5 - You get five minutes to tell your story.
4 - They got to be FOR Real. The stories have to have happened in real life. Doesn't have to have happened to you, could be someone you know etc, but they have to be non-fiction.
3 - There are 3 judges, they score each story 1-10, based on theme - presentation - and time.
2 - You have to tell the story TO the audience. You can't stare at the microphone, or off into space, etc.
1 - There is only one winner.
Anyways, I've been wanting to actually go to the show, but stuff keeps getting in the way. This month's topic was 'Caught in the Act' - Stories about pants-down, red-handed, nailed to the wall, dead-to-rights guilt or some such. And unfortunately, I'm not going to be able to make it to the next So Say We All again. I wanted to watch my friend Schmidty turn out another amazing performance, he's a reigning champ 2 months in a row now. Even more sad for me though, is that I was going to put my name in the hat if I did get a chance to go. And now I can't, but here's the story I would've planned to tell if I did get chosen this month.

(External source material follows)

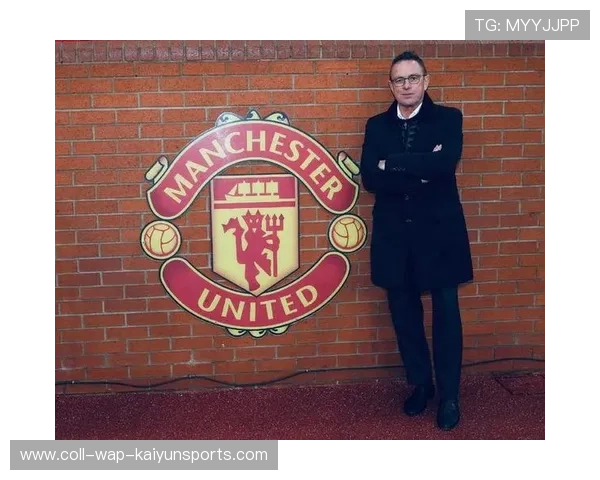 曼联引入革新技术团队，开启比赛录像分析新时代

Now, I'm not what you would call, a natural story teller. I have a hard time just telling a story in a manner that flows like a book. Where you're walking down a literature lined path that has a beginning, a middle, and an end, all laid out in good fashion. No, when I tell my stories, they are eclectic, full of divergences and analogies. You might say that the stories you've heard from these other people, could be like guided missiles, where they launch, follow a set path, and explode in a dramatic conclusion. Well if you could say that, then I would say that my stories are the equivalent of carpet bombing. Just clusters of ideas flung out everywhere, obliterating entire sections of your mind, blowing your capacity for reasoning and understanding back to the stone age.

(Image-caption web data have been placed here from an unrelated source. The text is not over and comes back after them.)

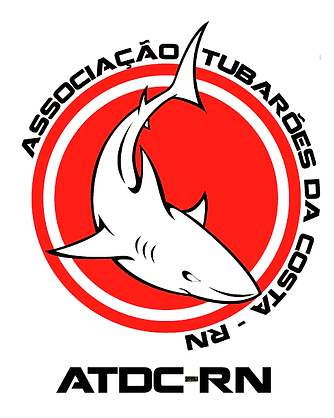 15203342_1814202885531950_31888931863826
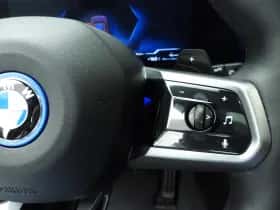 BMW 5-Serie (2025) thumbnail 15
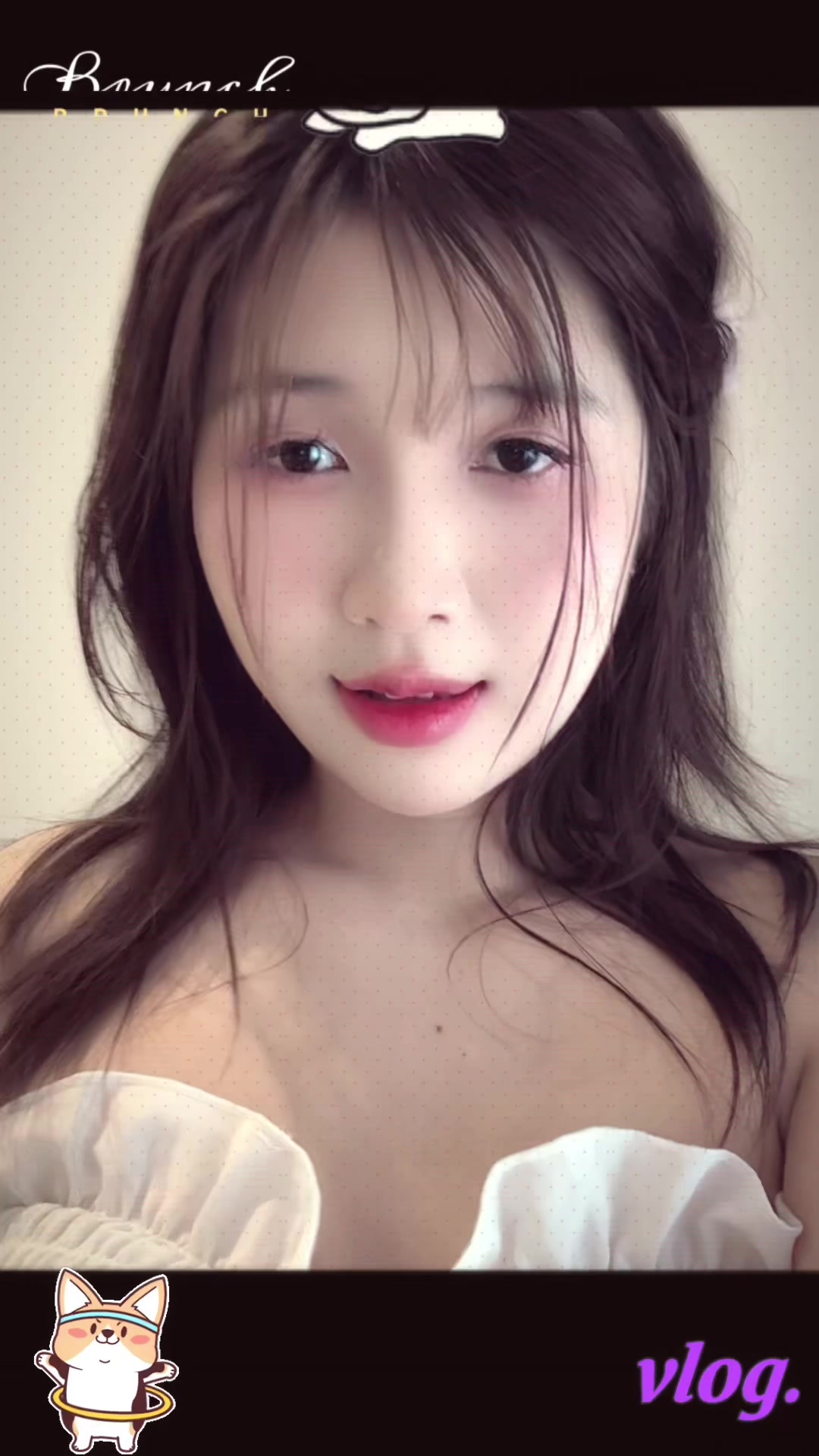 @Khánh Ly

You see, I tend meander from point to point, in a rapidfire succession sort of way. I mean, there's always a logical link or series of links to follow, but often times my listeners are just passengers on my bullet train of thought. Whizzing so fast through the landscape of my mind, that you can't really pay attention to the scenery, you can only focus on the embarkation point, and the final destination, and wonder how the hell you got from one place to the other. For instance, the time I was telling my friends that I love york peppermint patties, and in the next breath I'm saying 'You know, I like drinking coffee, because it makes my pee smell like Columbia."
For those of you who missed the stops along the way there, and I see most of you have, it goes like this: York Peppermint Patties, Yum! -> They're like mint chocolate chip icecream in a convenient package -> mint chocolate chip ice cream is awesome -> but my favorite flavor of Ice Cream is Coffee -> But Coffee flavored Ice Cream is nothing like real Coffee -> I can't stand real coffee without a ton of sugar and cream to sweeten it -> But I can't drink too much coffee cause it'll makes my pee smell like coffee -> Actually, I like the smell of coffee -> Coffee comes from Columbia -> Columbia must smell like Coffee -> I like drinking coffee cause it makes my pee smell like Columbia.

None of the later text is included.